→ Problem details:
The lines to return are those from the line holding "Sleep With The" through the last line of the entries below, both included, written exactly and without pictures.

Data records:
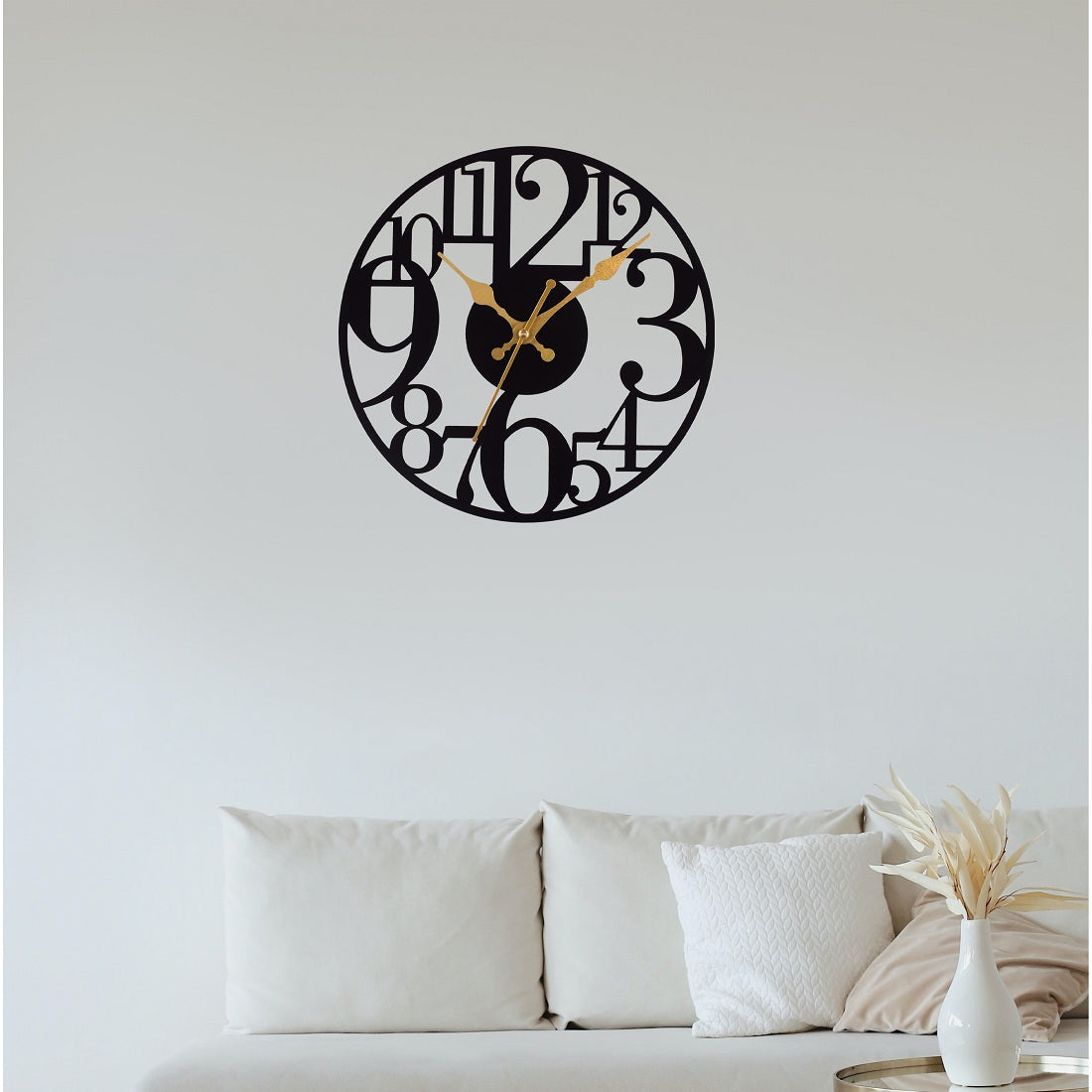 Metal Wall Clock for Living Room, Bedroom, Office, Kitchen, Home and Hall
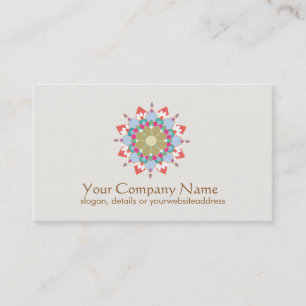 Lotus Symbol Health and Healing Business Card Visitenkarte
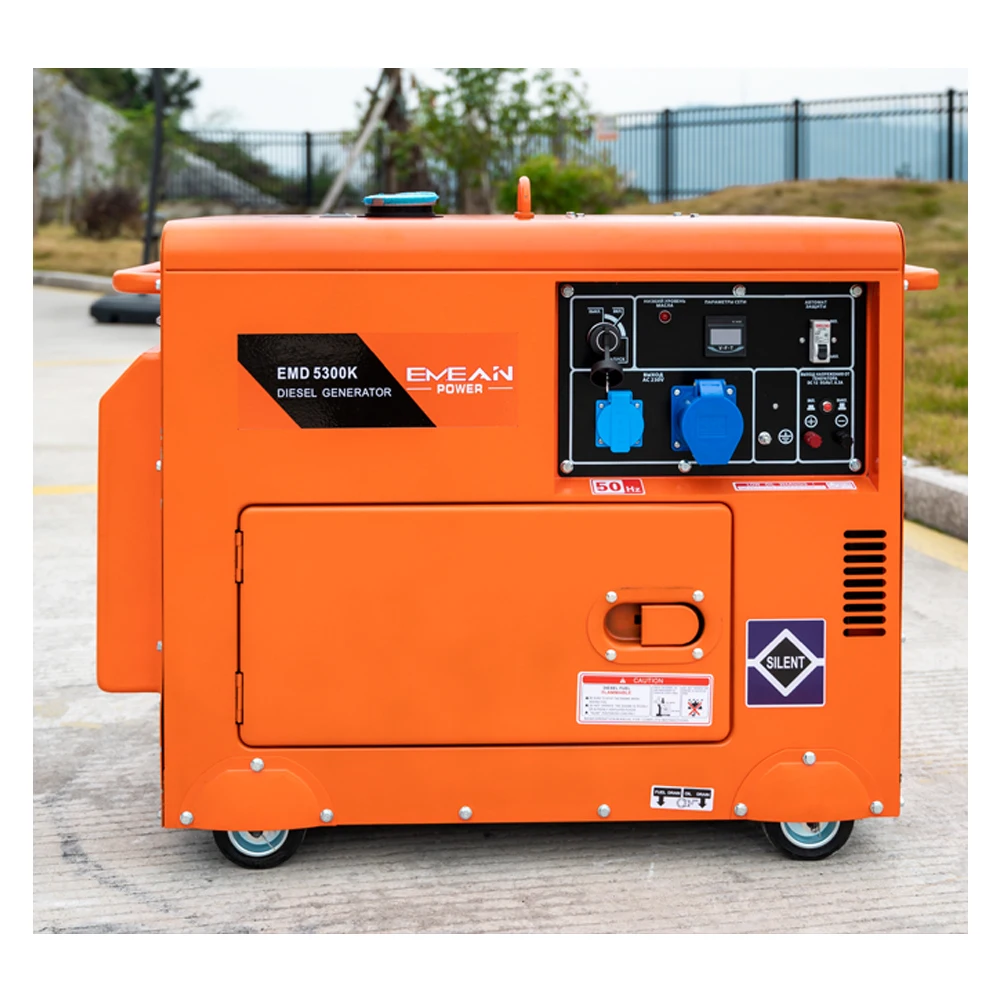 3kw diesel Generator Silent Gasoline dynamo Generator 3kva 3kw 220v 3kw 3000 Watt for Cargo Van diesel Silent Generator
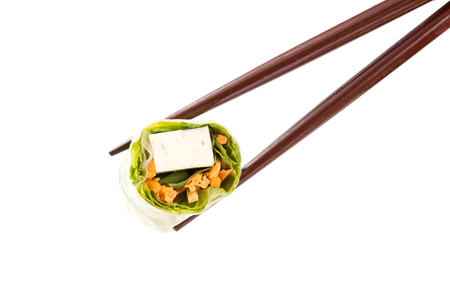 sushi on whiteの写真素材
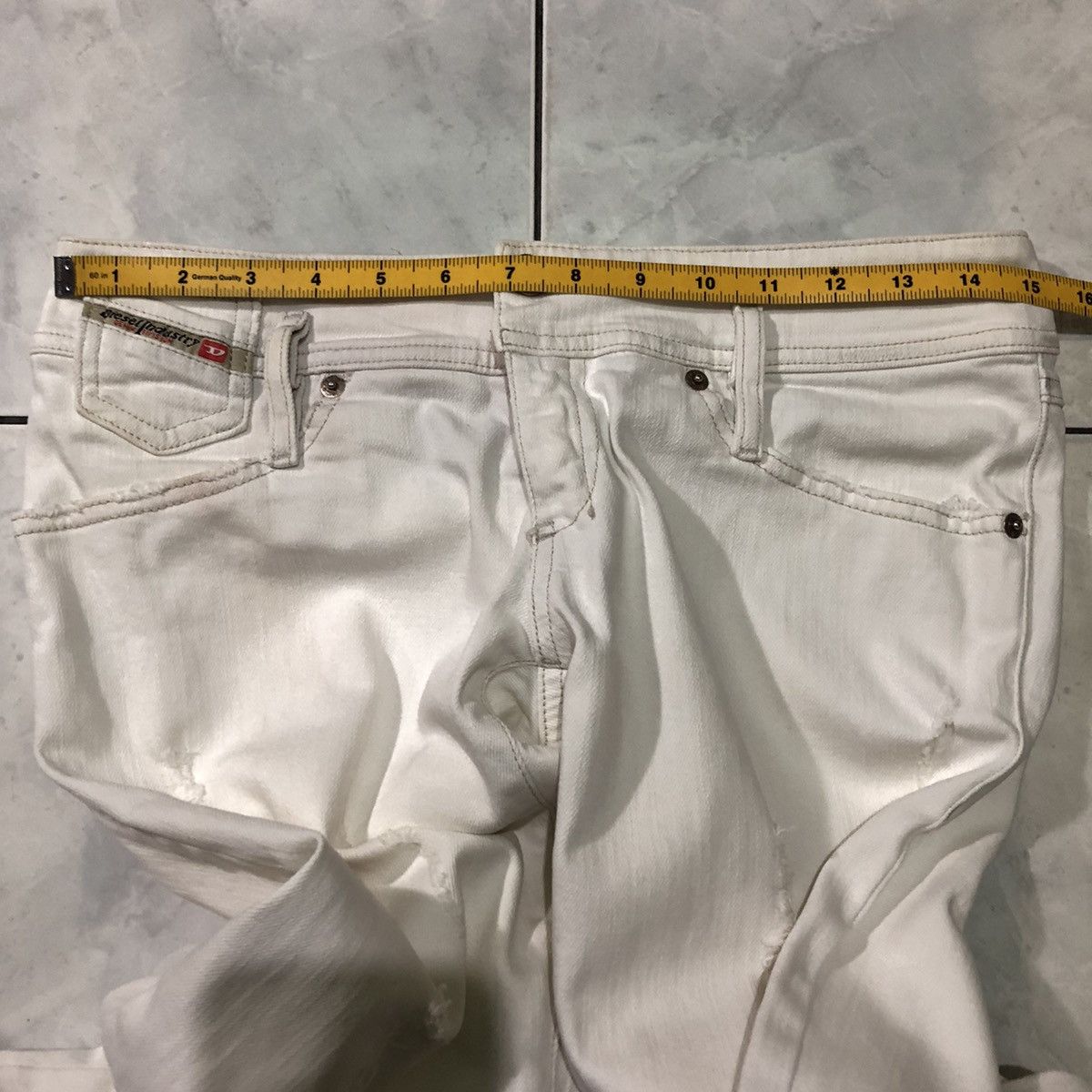 Diesel Diesel Made In Italy Distressed Denim Strech Skinny Jeans Size 26" / US 2 / IT 38 - 24 Thumbnail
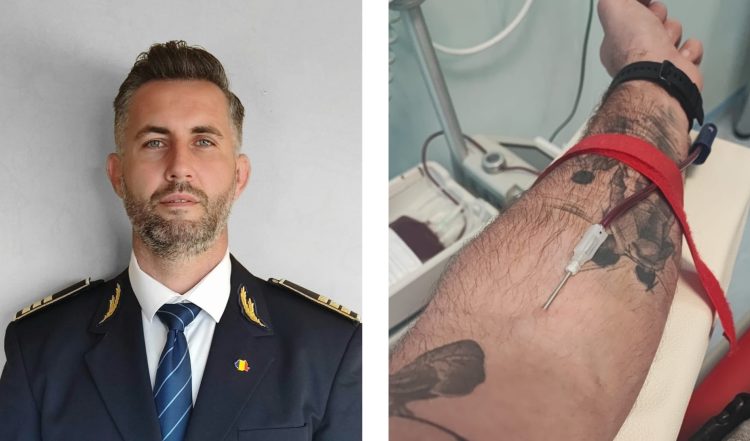 Gesturi care salvează vieți. Exemplul unui polițist de penitenciar din Baia Mare care are la activ peste 40 de donări de sânge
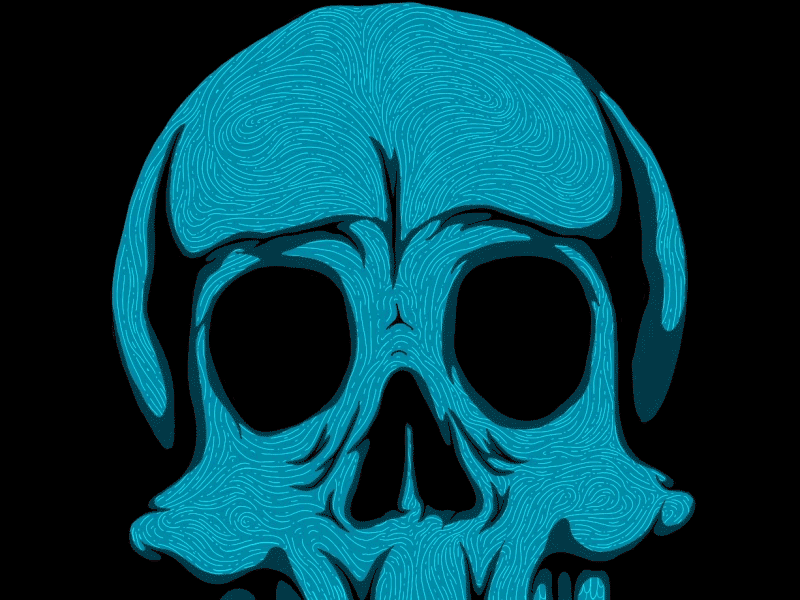 Sleep With The Fishes art blue death design girl illustration ipadpro kraken octopus procreate red sketch skull typography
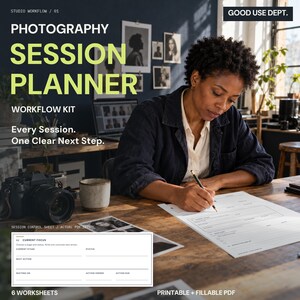 Fotoshooting-Planer (PDF) | Workflow-Tracker für Kunden & Checklisten zum Ausdrucken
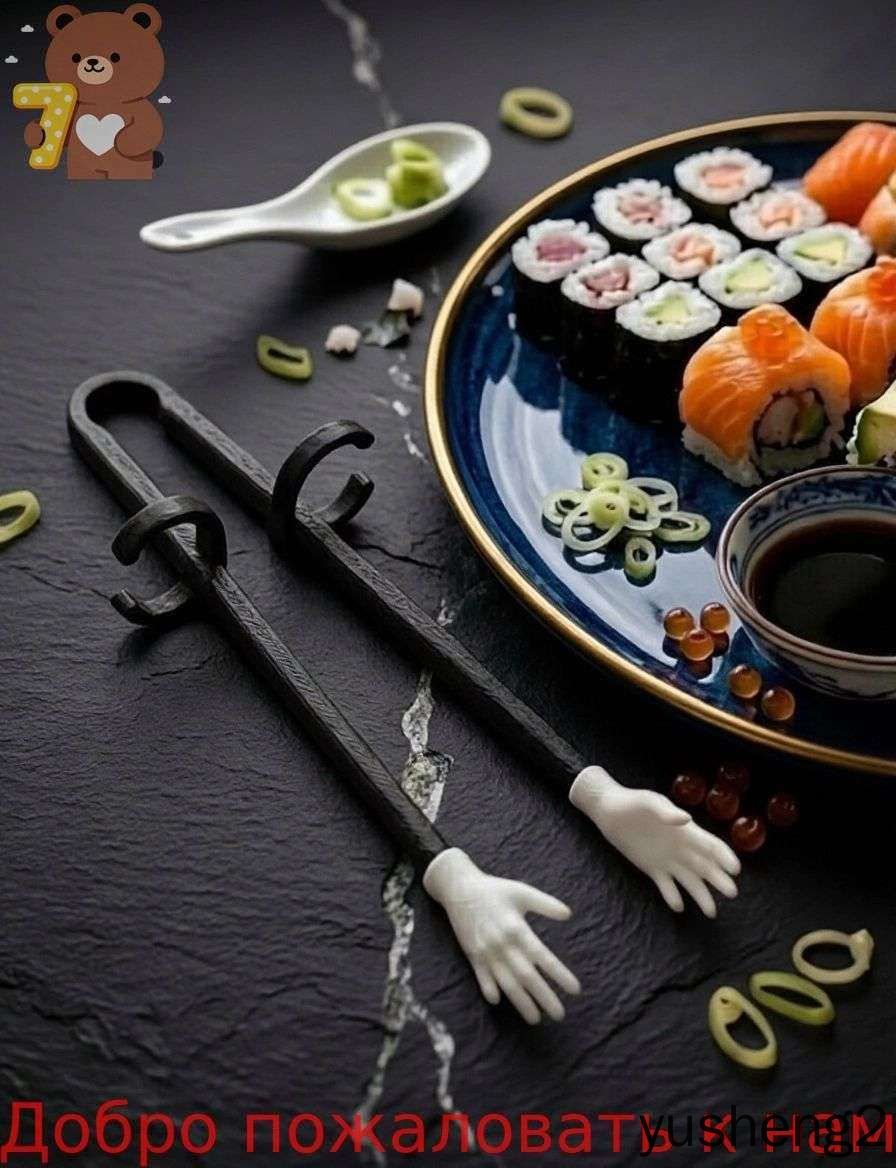 Палочки для еды, 18.5 см, 1 шт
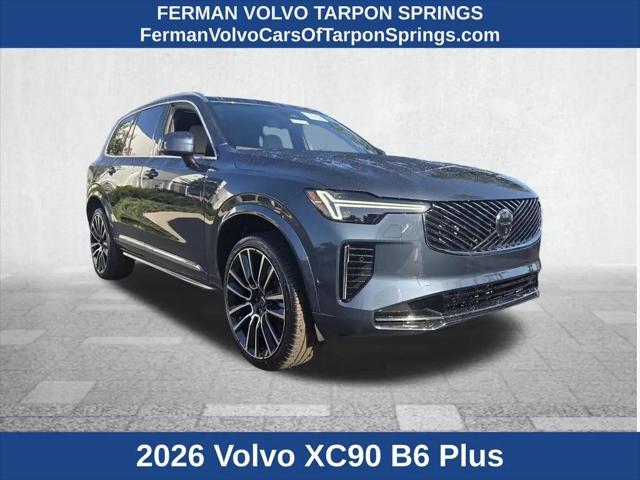 2026 Volvo XC90 Plus, B6 AWD Gas (mild hybrid), Gasoline, Bright, 7 Seats for sale in Tarpon Springs, FL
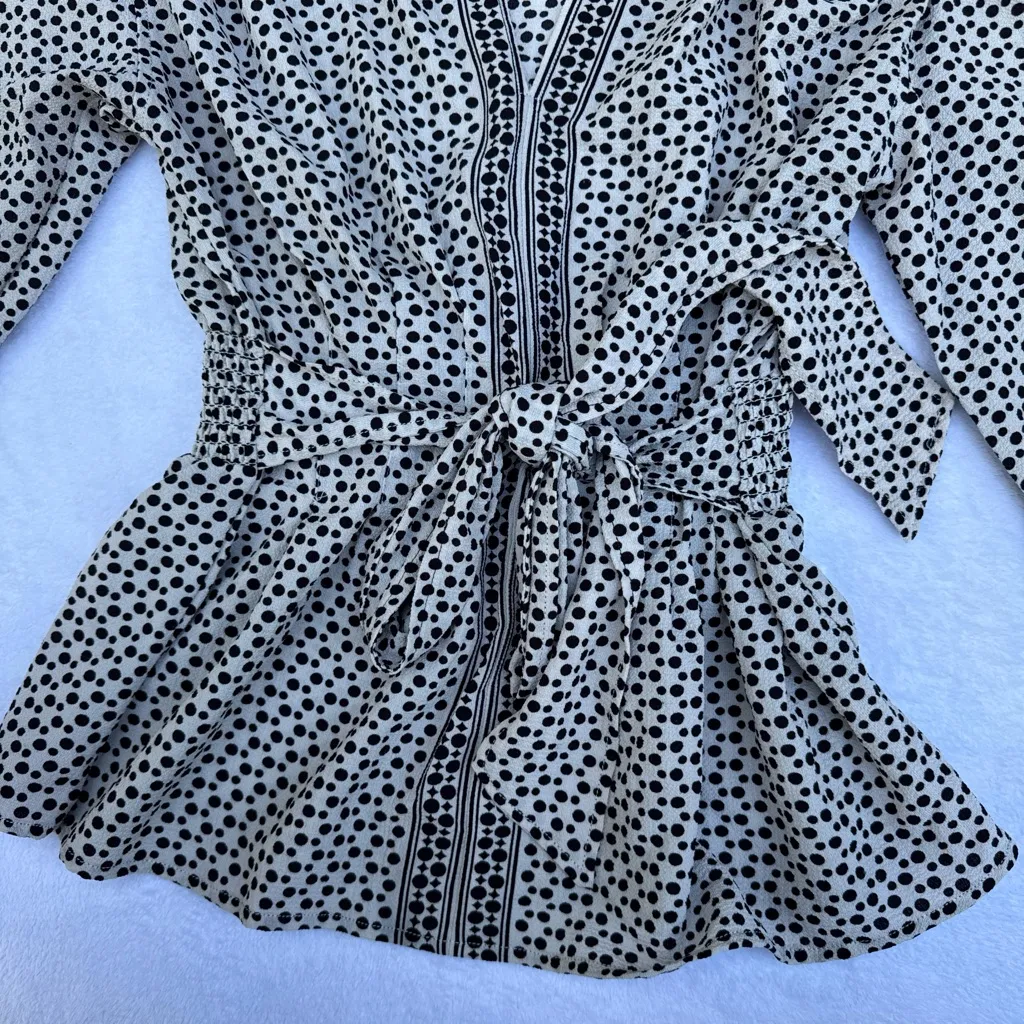 MAX STUDIO  women’s black and white sleeve 3/4 size XL - Image 5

→ Response to the exercise:
 Sleep With The Fishes art blue death design girl illustration ipadpro kraken octopus procreate red sketch skull typography
 Fotoshooting-Planer (PDF) | Workflow-Tracker für Kunden & Checklisten zum Ausdrucken
 Палочки для еды, 18.5 см, 1 шт
 2026 Volvo XC90 Plus, B6 AWD Gas (mild hybrid), Gasoline, Bright, 7 Seats for sale in Tarpon Springs, FL
 MAX STUDIO  women’s black and white sleeve 3/4 size XL - Image 5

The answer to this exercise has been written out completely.